§ **What needs to be done**:
Only the pictures should be dropped; every line of the data must come back exactly as written.
··· Records shown
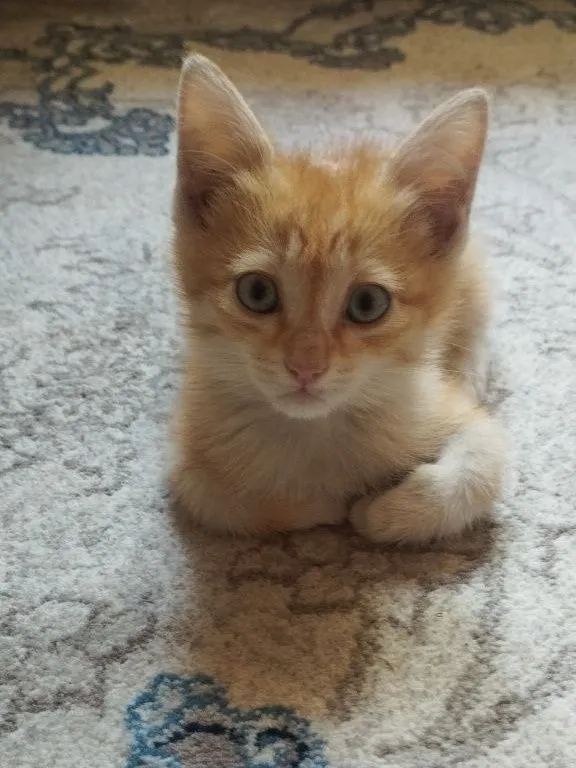 Котята в добрые руки бесплатно 3 Котята в добрые руки бесплатно 3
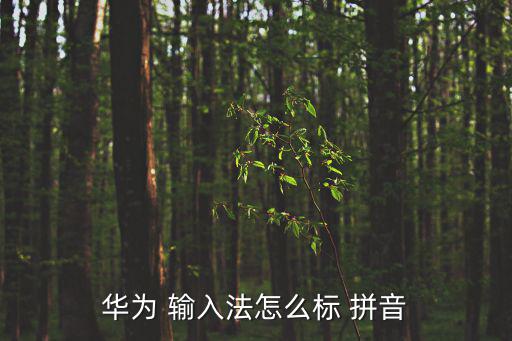 華為 輸入法怎么標 拼音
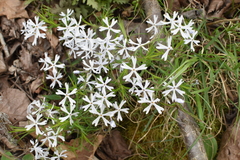 Phlox bifida bifida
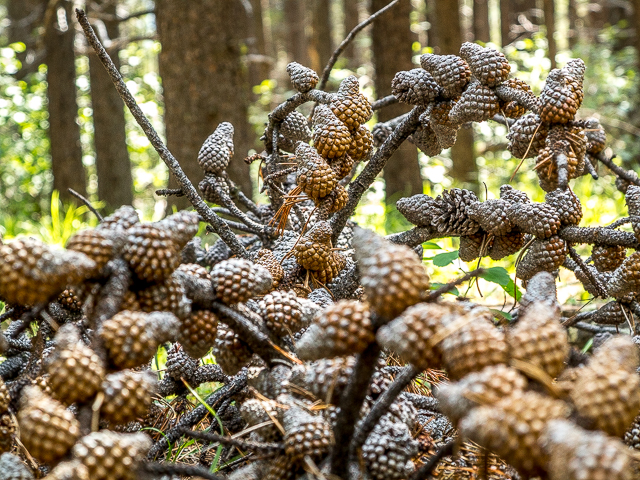 Pine Cone Cluster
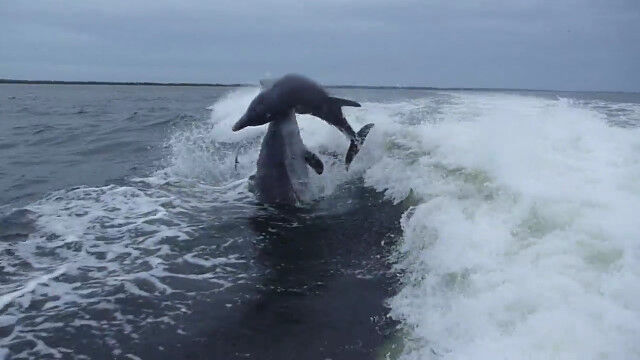 �����פ������륫Ʊ�Τ����ͤ���Ȥ������������Τνִ�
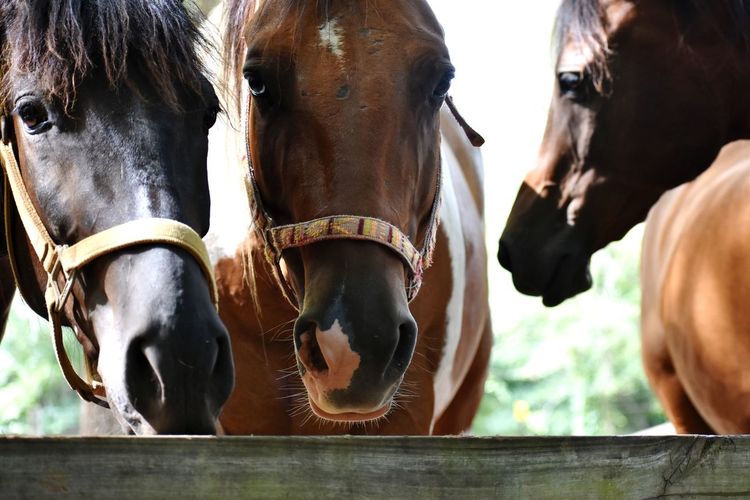 Close-up of horses in ranch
······
§ **Response to this task**:
 Котята в добрые руки бесплатно 3 Котята в добрые руки бесплатно 3
 華為 輸入法怎么標 拼音
 Phlox bifida bifida
 Pine Cone Cluster
 �����פ������륫Ʊ�Τ����ͤ���Ȥ������������Τνִ�
 Close-up of horses in ranch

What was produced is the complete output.